Contemporary mainstream economics, a position held by the neoclassical tradition, though seemingly rejecting value as an `economic' concept, has in fact incorporated selective parts of what has been its derivative into their theory of prices in market economies. This has been accomplished by simply supplanting the tension between value and price with what is their emergent concept of equilibrium, within which the whole of their analysis of price formation takes place. Within their framework, though for all intense and purposes similar, the nature of equilibrium, being for Smith a hypothetical position of the meeting of value and price, thus takes on an entirely different meaning. They essentially adopted a view of equilibrium as being determined by the equalization of the supply of commodities with their respective demand, the signals to which occur in exchange relations on the market. There is no contrast on which Smith placed prime importance between the 'natural' value determined in production to which all `artificial' prices determined in exchange are constantly tending, but simply `equilibrium' prices as given by the aggregation of subjective judgments of individuals - thus making the interaction of market mechanisms with man, which Smith attributed solely to the measuring rod of `market' price, the explanation of value a. In this regard, 'value' is transformed into a function of the influence of demand upon costs of s well production - more specifically on the last fragment of want not satisfied - and ultimately purported to be a subjective calculation of individuals. Prices are now the reflection of the interaction between these marginal rates of substitution of individual consumers and marginal costs of production of producers - Marginal substitution as the demand schedule of individuals which, operating under the `law' of diminishing marginal utility, decreases for every increase in the price of a commodity and increases for every decrease in the price of a commodity; Marginal cost as the supply schedule of producers which, under conditions of diminishing returns, decreases as more units are produced.

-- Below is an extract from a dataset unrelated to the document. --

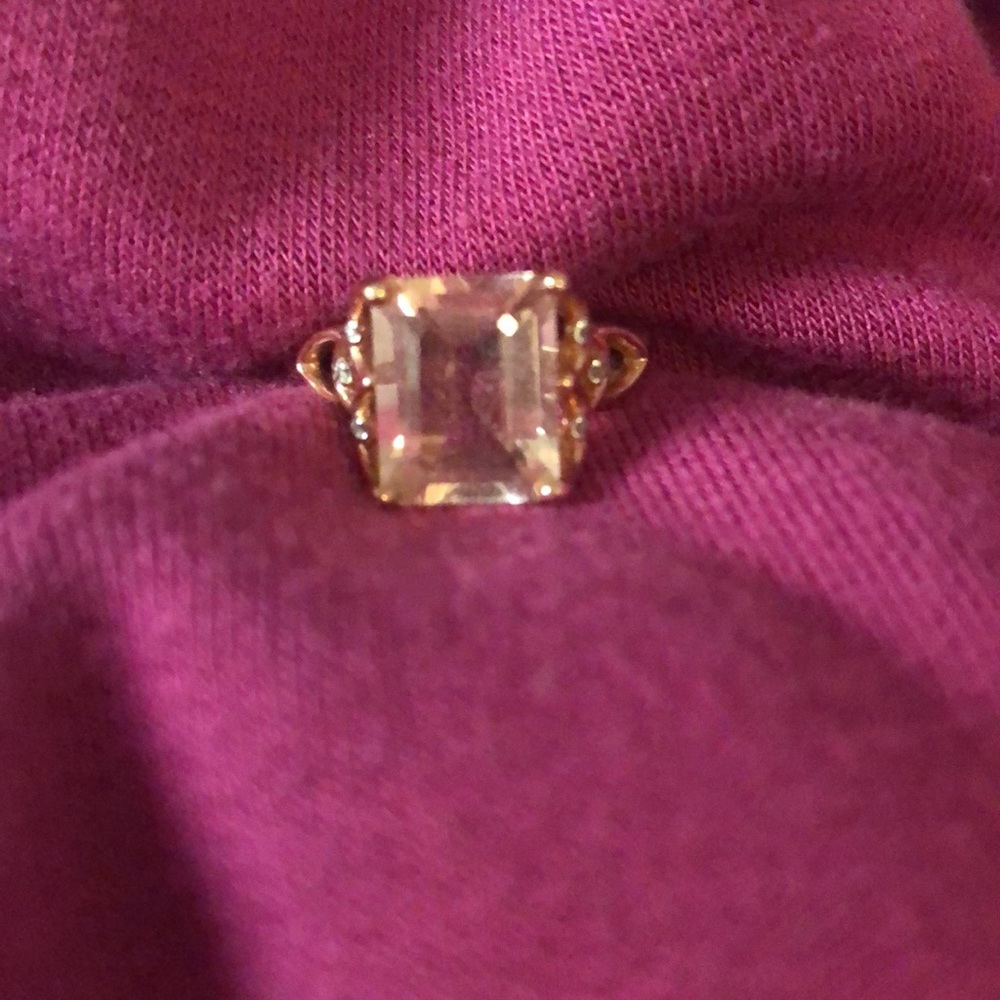Morganite emerald cut size 5 rose gold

The effect of this change, curiously enough, was largely on the classical theories of distribution. By shifting the focus of an inquiry into the forces acting on price away from the realm of production to the realm of exchange, essentially making the regulating force of price the subjective valuations of commodities and their impact on the costs of producing those commodities, it rendered meaningless what was of prime importance for Ricardo, and Marx thereafter - distribution between economic classes and its deterministic effects on the outcome of exchange. Theories of distribution had formerly attempted to explain the division of value between different social classes in a given society. Smith himself identified the `three great classes' of society to "which the price of every commodity ultimately resolved" as being landowners, laborers, and manufactures - it was Ricardo, and more extensively Marx afterward, that showed the conditions in which this division of value between them took place was located in the realm of production before exchange took place. Gracious as they were in escaping them, these questions of class and the division of value between them became for economists not so much irrelevant in a greater sense, but `outside' of what economic analysis set out to answer as they were now `outside' of the theoretical determination of price. There was no longer a separation between exchange value and use value, but the derivation of exchange value from use value (utility). Distribution therefore became determined not from conditions of production but from exchange relations.

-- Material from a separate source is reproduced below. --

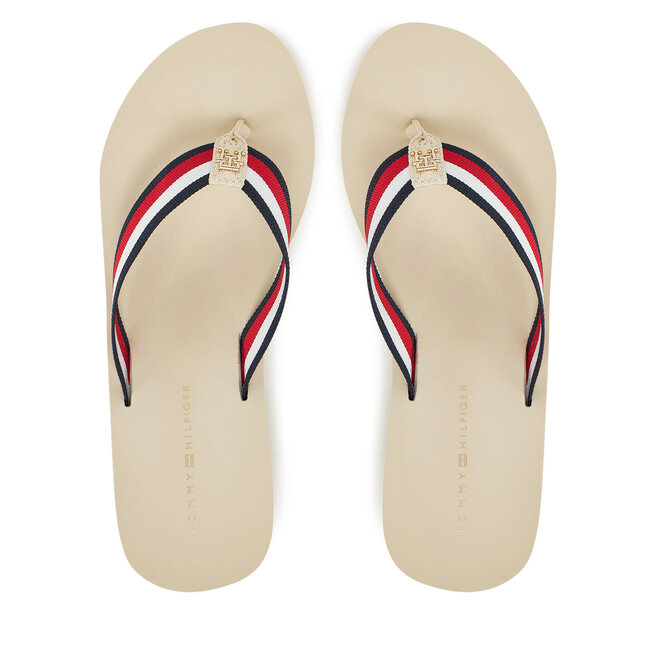 Japonki Tommy Hilfiger Th Corporate Wedge Beach Sandal - Beżowy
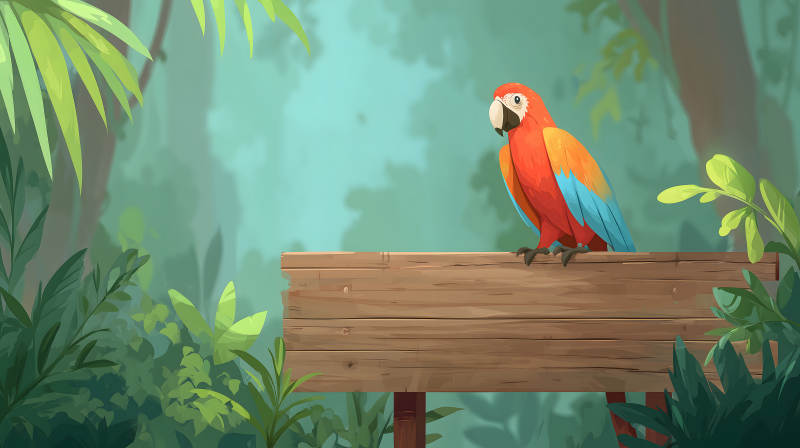 鸚鵡棲息木牌熱帶雨林風光-圖片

This subtle maneuver of redefining equilibrium, or we should say using it for different purposes, served to retain positive aspects of Smith's analysis to the exclusion of what the logical extension of his system by further inquiry unveiled: It ultimately served the exact same purpose of having competition operate to tend prices to a point of efficiency and equality, where things are sold at precisely what they are worth (now subjectively determined by some feat of aggregating what occurs on the individual level of optimizing preferences), thus allowing for the maintenance of the virtuous development that Smith associated with the free interaction of individuals and the discarding of the negative features that became associated with Marx's later `socially necessary labor time'. Not only were the later logical extensions of Ricardo and Marx that spoiled the virtuous cycle done away with in a single stroke, but extremely important aspects of Smith - from the identification and examination of the interaction between social classes to the objective nature of value existing in production - were all safely brushed aside.

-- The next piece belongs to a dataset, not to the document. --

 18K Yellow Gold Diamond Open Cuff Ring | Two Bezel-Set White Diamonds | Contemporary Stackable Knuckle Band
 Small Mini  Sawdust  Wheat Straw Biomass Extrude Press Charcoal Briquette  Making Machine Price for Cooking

The vicious circle, however, eventually caught up with utopia: the attempted formalization of this interplay between market mechanisms and man as both the measuring rod of and the explanation for value brought an inconsistency: initial distribution continued to claim overarching priority in the formation of price. The expression of utility that was the interaction of man with the market could not possibly be based on subjective measurements of value, but on the actual purchasing power which translated into market pull. Thus, the independent postulation of some pre-existing income level or distribution was necessary for the internal consistency of any formal demonstration of price determination based on marginal utility. Essentially, This is the root of what will later be shown to be the major contradiction in the superficial extension of Adam Smith; it essentially revolves around the assumption most fundamental to all conceptual frameworks, that question supposedly `outside' of the economists' domain - value.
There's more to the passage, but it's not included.